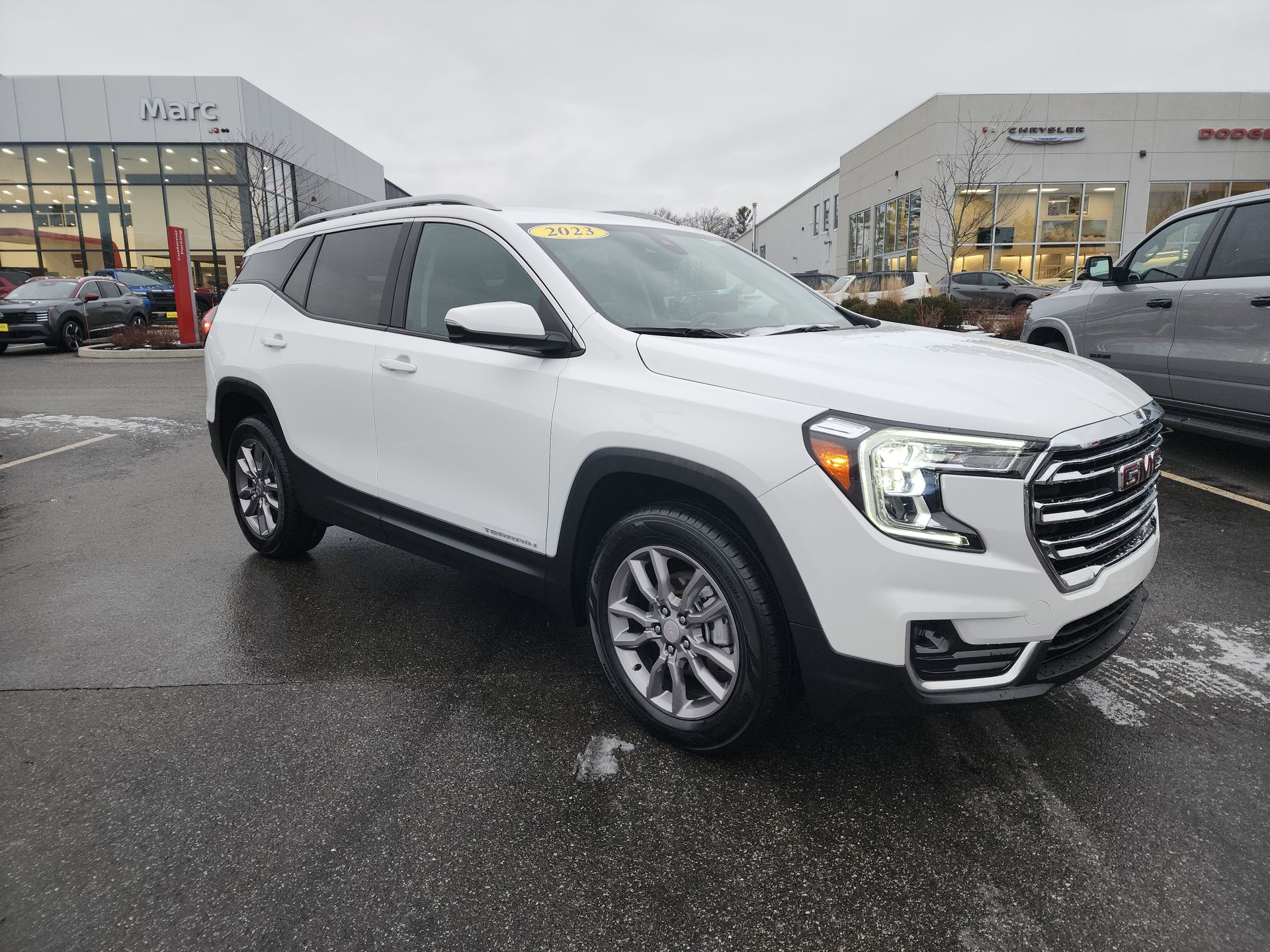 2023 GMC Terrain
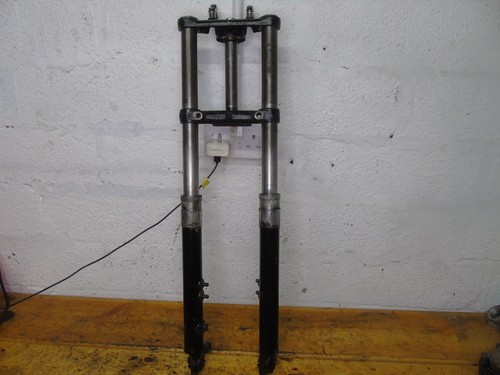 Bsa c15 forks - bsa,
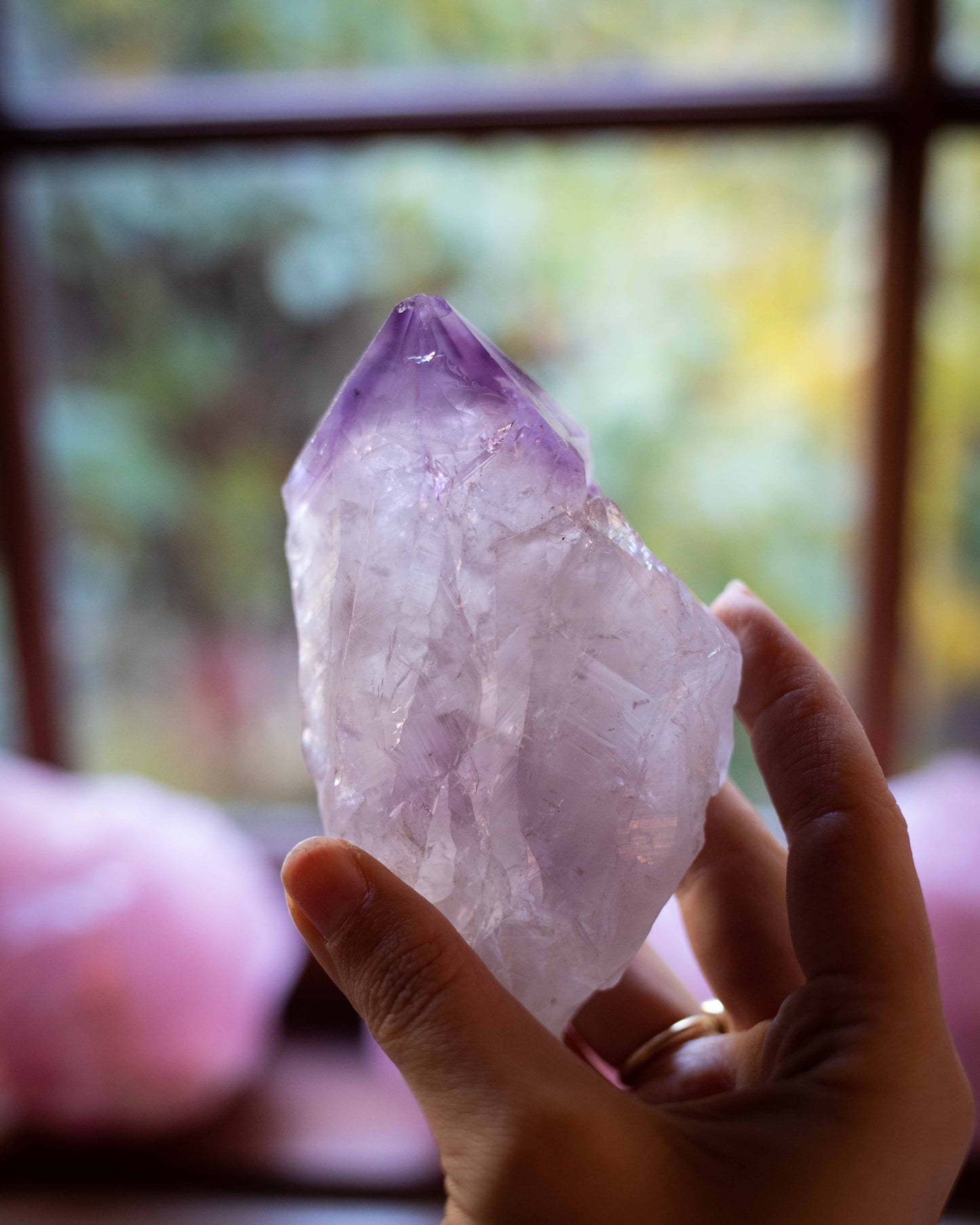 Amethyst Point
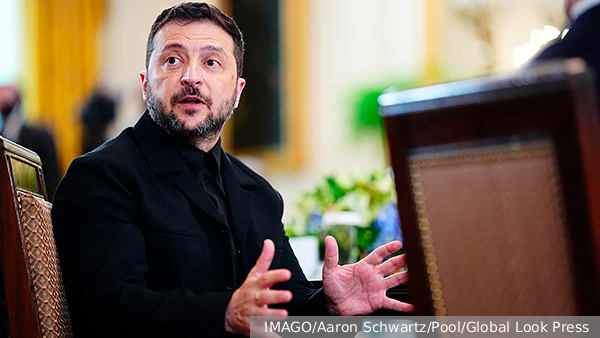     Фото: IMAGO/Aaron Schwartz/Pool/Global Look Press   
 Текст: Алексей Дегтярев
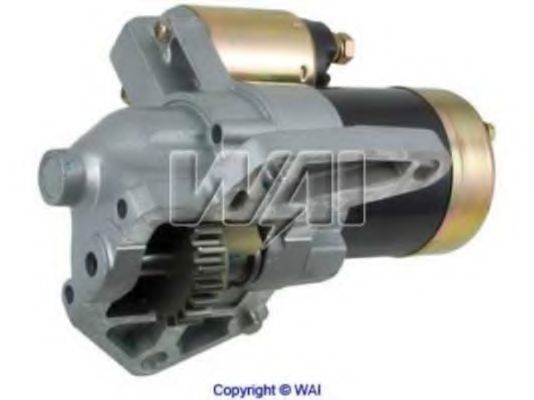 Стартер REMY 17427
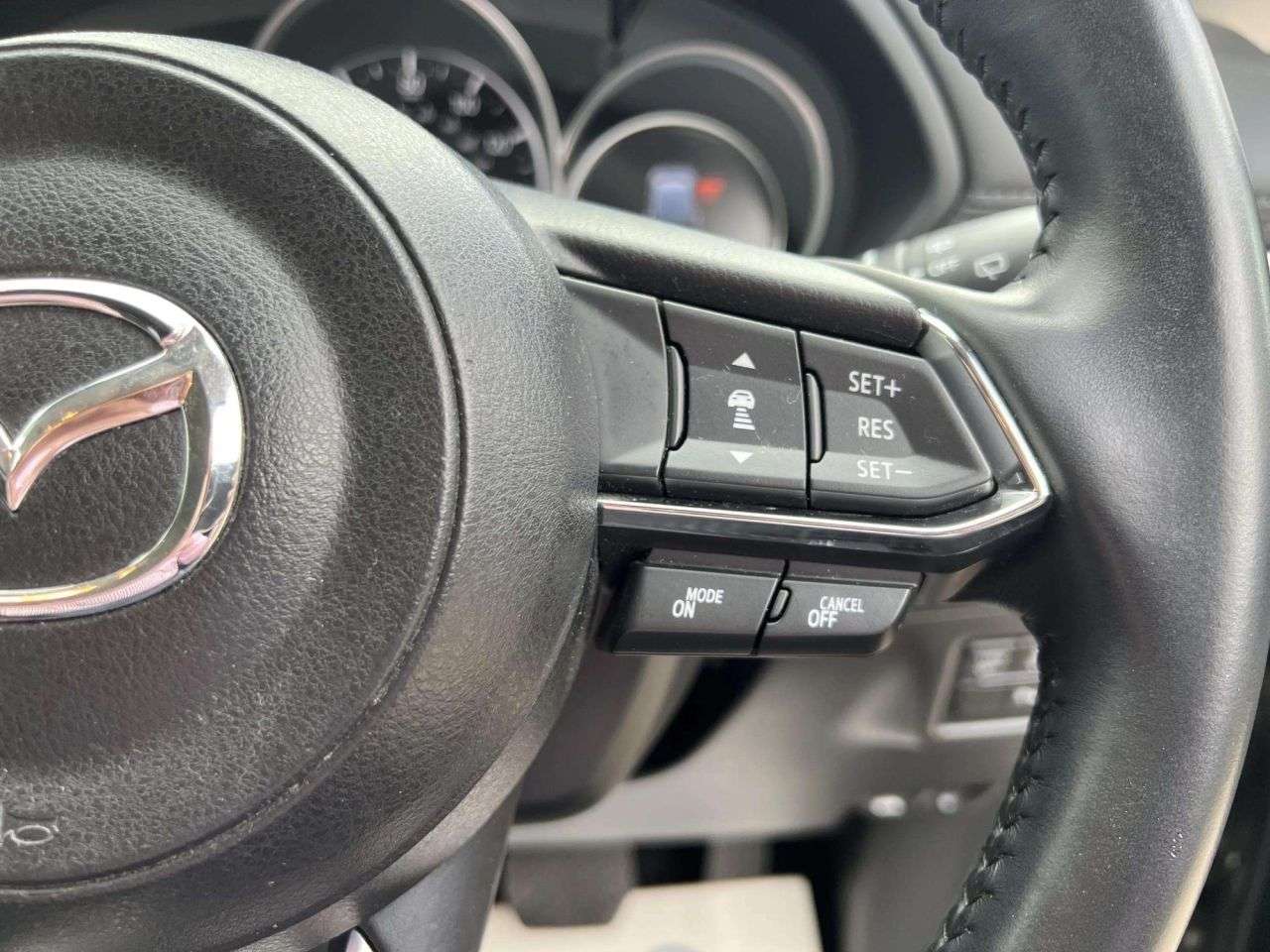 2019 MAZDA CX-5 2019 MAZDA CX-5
+-------+
● Task
Output only the lines from the line that contains "Amethyst Point" through the end of the material, both ends included, and skip every picture.

● Result
 Amethyst Point
     Фото: IMAGO/Aaron Schwartz/Pool/Global Look Press   
 Текст: Алексей Дегтярев
 Стартер REMY 17427
 2019 MAZDA CX-5 2019 MAZDA CX-5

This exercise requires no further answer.